[Stored data]
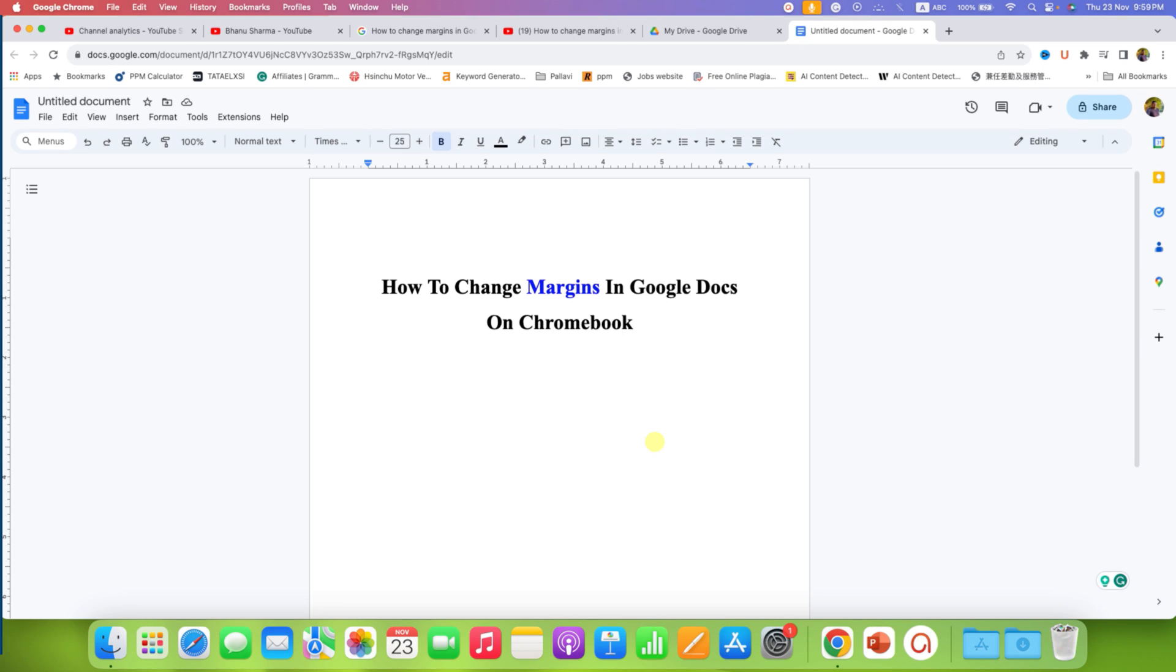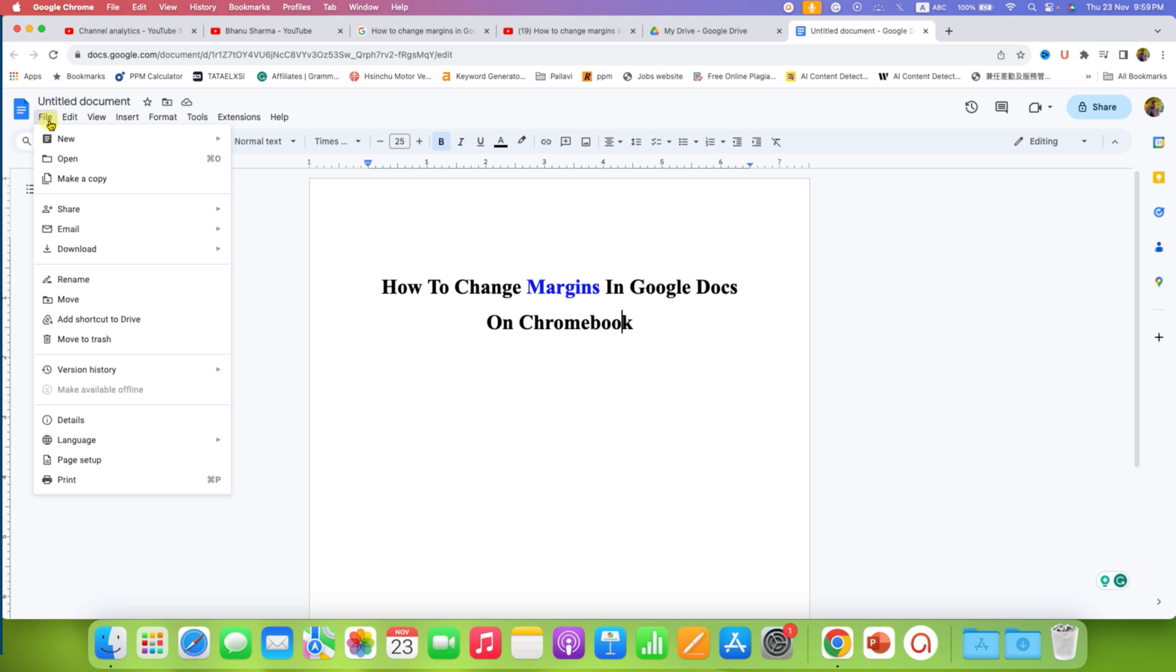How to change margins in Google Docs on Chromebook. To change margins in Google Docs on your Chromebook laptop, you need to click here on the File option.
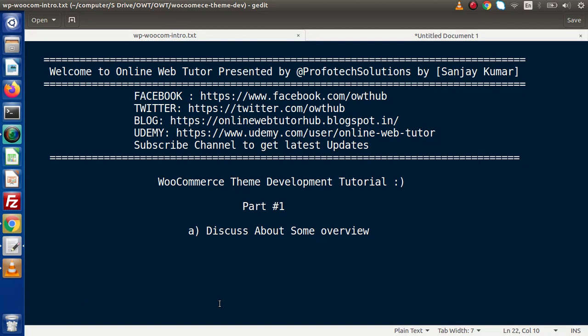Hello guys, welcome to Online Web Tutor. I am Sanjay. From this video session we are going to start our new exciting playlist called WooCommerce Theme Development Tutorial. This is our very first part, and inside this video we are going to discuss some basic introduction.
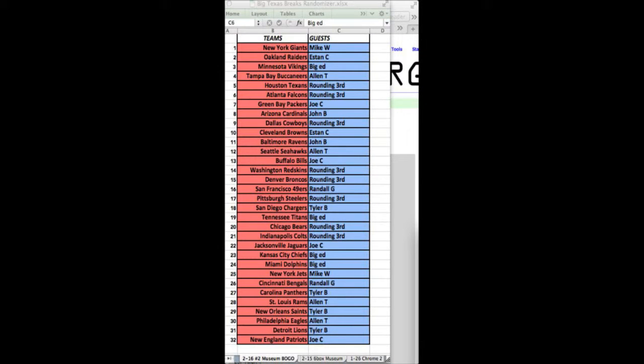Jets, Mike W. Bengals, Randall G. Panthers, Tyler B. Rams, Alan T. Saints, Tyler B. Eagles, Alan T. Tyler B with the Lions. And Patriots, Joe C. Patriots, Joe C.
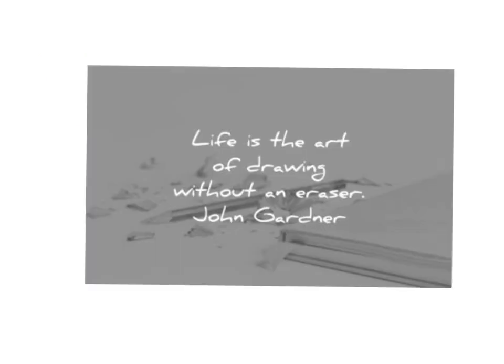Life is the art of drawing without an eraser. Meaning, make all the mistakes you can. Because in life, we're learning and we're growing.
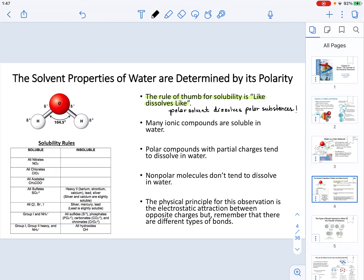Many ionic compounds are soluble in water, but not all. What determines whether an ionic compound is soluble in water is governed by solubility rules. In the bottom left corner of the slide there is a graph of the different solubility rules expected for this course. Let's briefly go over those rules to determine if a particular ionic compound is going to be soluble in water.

## What is expected
The records above must be copied exactly, with no pictures carried over.

## Result of the task
How to change margins in Google Docs on Chromebook. To change margins in Google Docs on your Chromebook laptop, you need to click here on the File option.
Hello guys, welcome to Online Web Tutor. I am Sanjay. From this video session we are going to start our new exciting playlist called WooCommerce Theme Development Tutorial. This is our very first part, and inside this video we are going to discuss some basic introduction.
Jets, Mike W. Bengals, Randall G. Panthers, Tyler B. Rams, Alan T. Saints, Tyler B. Eagles, Alan T. Tyler B with the Lions. And Patriots, Joe C. Patriots, Joe C.
Life is the art of drawing without an eraser. Meaning, make all the mistakes you can. Because in life, we're learning and we're growing.
Many ionic compounds are soluble in water, but not all. What determines whether an ionic compound is soluble in water is governed by solubility rules. In the bottom left corner of the slide there is a graph of the different solubility rules expected for this course. Let's briefly go over those rules to determine if a particular ionic compound is going to be soluble in water.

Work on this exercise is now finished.